2. Chicago's Sam Giancana, having helped the Illinois dead vote Democrat, was further ingratiating himself by coordinating Castro's poisoning by the young Marita Lorenz, daughter of an American woman and German sea captain who had been allied spies during World War II. Courier of information between Kennedy and Giancana was Judith Campbell Exner, a mutual bedmate thanks to Frank Sinatra's introductions including when Jack was in the Las Vegas Sands on February 7, 1960. At the same time, Jack Kennedy was involved with several other women, including Marilyn Monroe, often meeting in Peter Lawford's home. The planned hit was secret. The women were not. Columnist Jim Bacon told me, "It was only when Richard Nixon was doing to the country what Jack Kennedy was doing to women that we felt we had to write about it."

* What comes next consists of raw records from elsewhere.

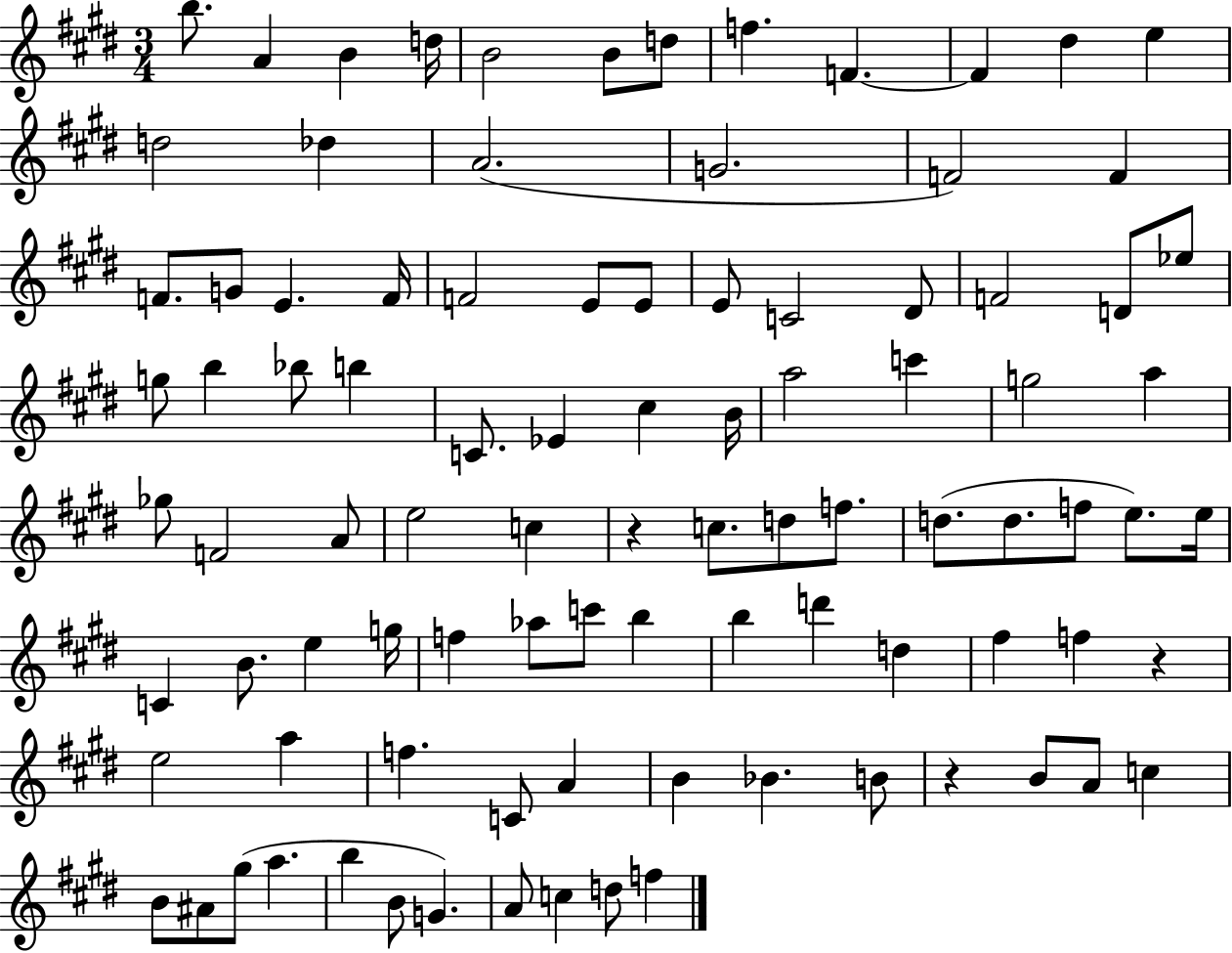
{
  \clef treble
  \numericTimeSignature
  \time 3/4
  \key e \major
  b''8. a'4 b'4 d''16 | b'2 b'8 d''8 | f''4. f'4.~~ | f'4 dis''4 e''4 | \break d''2 des''4 | a'2.( | g'2. | f'2) f'4 | \break f'8. g'8 e'4. f'16 | f'2 e'8 e'8 | e'8 c'2 dis'8 | f'2 d'8 ees''8 | \break g''8 b''4 bes''8 b''4 | c'8. ees'4 cis''4 b'16 | a''2 c'''4 | g''2 a''4 | \break ges''8 f'2 a'8 | e''2 c''4 | r4 c''8. d''8 f''8. | d''8.( d''8. f''8 e''8.) e''16 | \break c'4 b'8. e''4 g''16 | f''4 aes''8 c'''8 b''4 | b''4 d'''4 d''4 | fis''4 f''4 r4 | \break e''2 a''4 | f''4. c'8 a'4 | b'4 bes'4. b'8 | r4 b'8 a'8 c''4 | \break b'8 ais'8 gis''8( a''4. | b''4 b'8 g'4.) | a'8 c''4 d''8 f''4 | \bar "|."
}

Marilyn Monroe, like too many other actors, was rapidly deteriorating in 1962, addicted to a variety of stimulants and depressants originally encouraged by the studios to get a full day's work from their personnel. This had been going on since the 1930s.

The problem for the actors was that some built up a tolerant to drugs with a maximum safe dose. If a 5 mg sleeping pill was adequate to give someone a night's rest, gradually it would stop working. Then the person might increase to 7.5 mg. That would work for a while, then the person might need 10 mg.

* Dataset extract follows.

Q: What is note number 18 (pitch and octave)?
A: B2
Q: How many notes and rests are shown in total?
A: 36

For many of the drugs, including those taken by Monroe contemporaries Judy Garland (dead), Elizabeth Taylor (in and out of rehab), Peter Lawford (dead), and others, there was a maximum dosage regardless of the tolerance a user might have. For example, the maximum dosage for a user might be 25 mg. Take 25 mg. and the person is safe. Take 26 mg. and the user dies. Some were taken as prescriptions, some came from incompetent professionals such as Max "Dr. Feelgood" Jacobson, M.D. of New York City. His injections of a combination of vitamins, amphetamines, and other substances were utilized by such notables as then U.S. Senator Jack Kennedy, Jacqueline Kennedy, actors, and others. The attitude seemed to be that it wasn't quackery if a doctor gave it to you.

Marilyn, recently hired to star in Something's Got to Give, was known to be addicted to amphetamines and barbiturates. She had collapsed during her previous picture, The Misfits, and had been treated by Dr. Ralph Greenson, a Beverly Hills psychiatrist. She was also using alcohol in quantities that were dangerous by themselves and potentially lethal in combination with the drugs.

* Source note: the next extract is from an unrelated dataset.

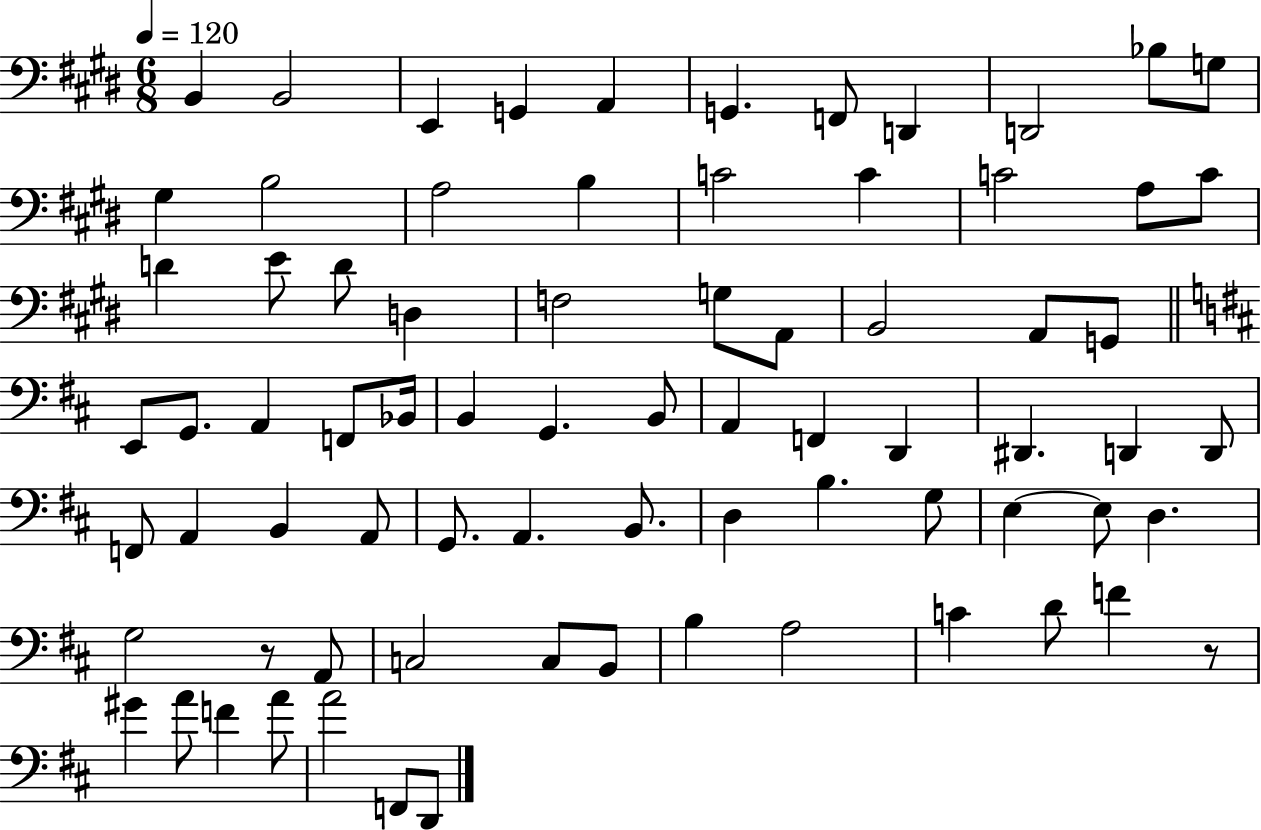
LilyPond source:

Director George Cukor, who had seen Marilyn's lack of professionalism and gradual deterioration, was livid that she had been hired for Something's Got To Give. Early in the shooting Cukor went to the press in frustration, telling reporters that Marilyn "is so fraught with nerves she can't even match one take with the other."

Her insecurity had been heightened the previous December when Marilyn was reminded of her age by beauty experts hired to "save" her from the inadequacy of being herself. Hair not adequately blond? Bring in Jean Harlow's Paul Porterfield who had "enhanced" Harlow's look with chemicals that created what was called "hot platinum." Porterfield went to his chemistry set and mixed laundry bluing with sparkling peroxide to slowly whiten Marilyn's hair. There were hot-wax treatments and mud packs, and the Beverly Hills equivalent of Dr. Feelgood added tranquilizers and so-called vitamins to her daily "health" regimen. She was drugged, painted, and constantly reminded that she was not good enough without the help of all the experts, all the pills.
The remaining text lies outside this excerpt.